Abstract: The waste clay brick contains a large amount of active mineral components such as SiO₂ and Al₂O₃. After crushing and grinding, recycled brick powder (RBP) can be prepared. By improving the pozzolanic activity of RBP through effective excitation methods, RBP can be applied to engineered cementitious composite (ECC) as part of cementitious materials, which has great economic and environmental benefits. By analyzing the activity index, microstructure and XRD pattern of RBP after physical excitation, the optimum physical excitation time of RBP was determined. On this basis, the recycled brick powder-engineered cementitious composite (RBP-ECC) was prepared with RBP after active excitation. The flexural, compressive, uniaxial tensile and four-point bending tests were carried out to study the influence of RBP replacement rate on the mechanical properties of RBP-ECC. The results show that the strength indexes of RBP-ECC decrease with the increase of RBP replacement rate after physical excitation, while the ultimate tensile strain and mid-span deflection increase gradually, up to 5.22% and 55.53 mm, respectively. When the RBP replacement rate is 20% (mass fraction), the bending toughness index of RBP-ECC increases the most, which is about 59% higher than that of benchmark ECC. Each strength index of RBP-ECC has a lower decline, but still can maintain high strength and toughness. The strength, toughness and sustainability indexes of RBP-ECC were comprehensively considered, and 20% was selected as the best brick powder replacement rate of RBP-ECC, and microscopic analysis of RBP-ECC fiber-matrix interface under this replacement rate was carried out. The results show that there are fiber pull-out failure modes and fiber breaking failure modes in RBP-ECC at 20% RBP replacement rate, and RBP-ECC shows higher tensile toughness and suitable tensile strength compared with benchmark ECC.
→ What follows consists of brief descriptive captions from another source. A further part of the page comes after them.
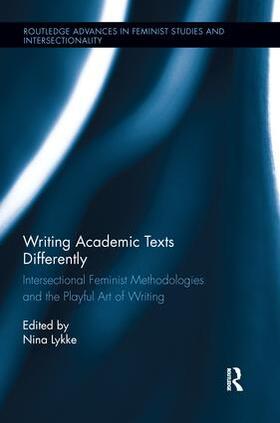 Lykke |  Writing Academic Texts Differently | Buch |  Sack Fachmedien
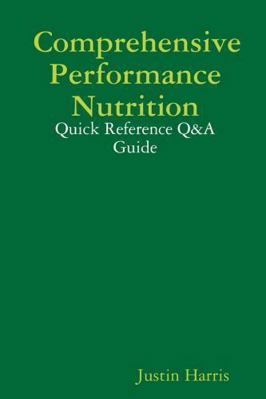 Comprehensive Performance Nutrition: Quick Refe... 0615184316 Book Cover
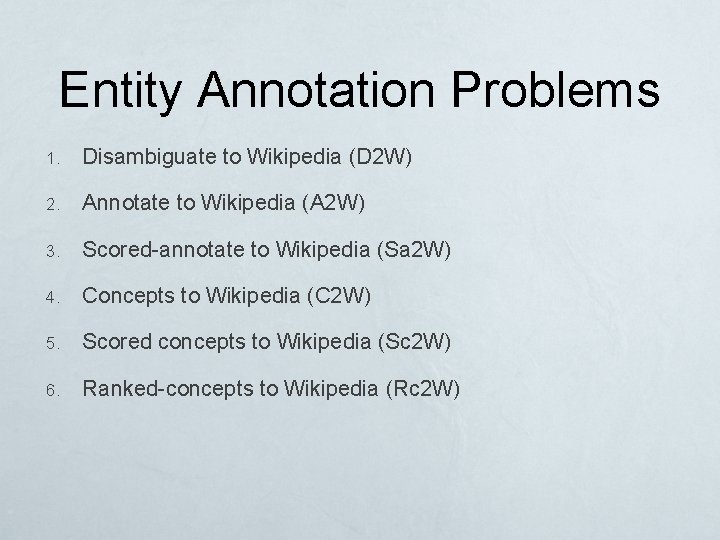 Entity Annotation Problems 1. Disambiguate to Wikipedia (D 2 W) 2. Annotate to Wikipedia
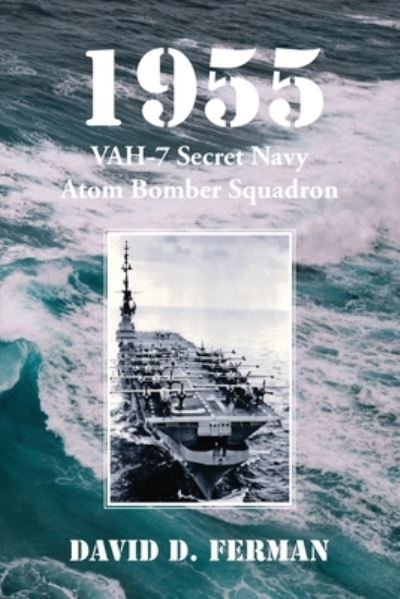 1955 - David D Ferman - Books - Global Summit House - 9781646699759 - August 9, 2019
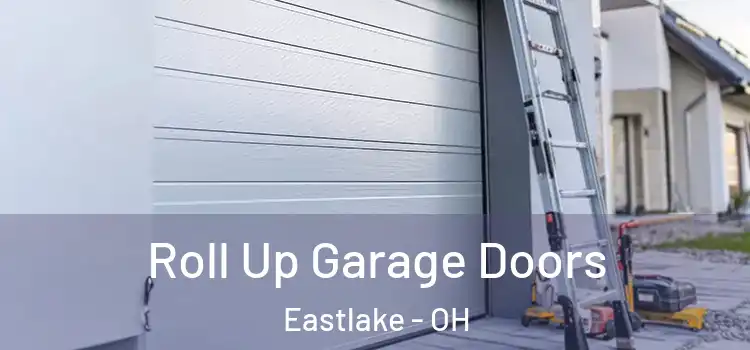  Roll Up Garage Doors Eastlake - OH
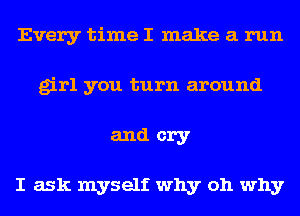 Every time I make a run
girl you turn around
and cry

I ask myself why oh why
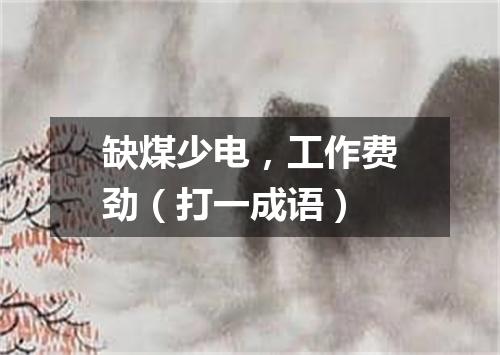 缺煤少电，工作费劲（打一成语）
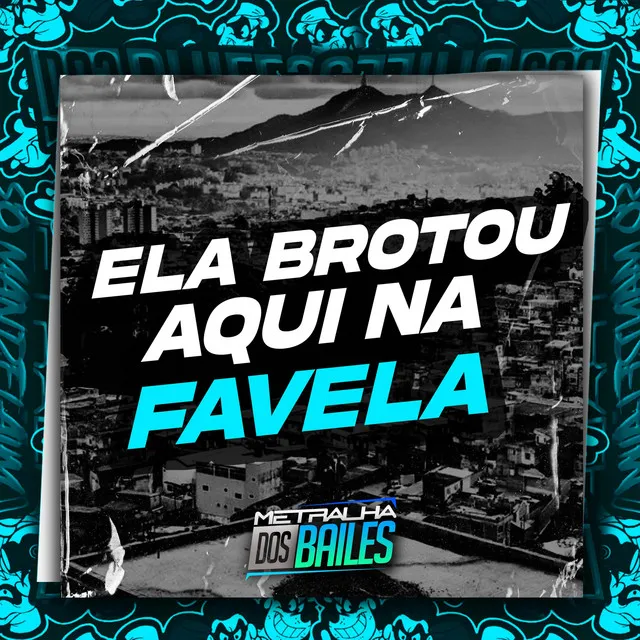 Ela Brotou Aqui na Favela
Key words: ECC, recycled brick powder, active excitation, brick powder replacement rate, mechanical property, failure mode

CLC Number:

TU528

CHU Liusheng, DU Feixiang, TIAN Ye, YUAN Chengfang, CHENG Zhanqi. Mechanical Properties and Microstructure of Recycled Brick Powder ECC after Physical Excitation[J]. BULLETIN OF THE CHINESE CERAMIC SOCIETY, 2025, 44(1): 253-263.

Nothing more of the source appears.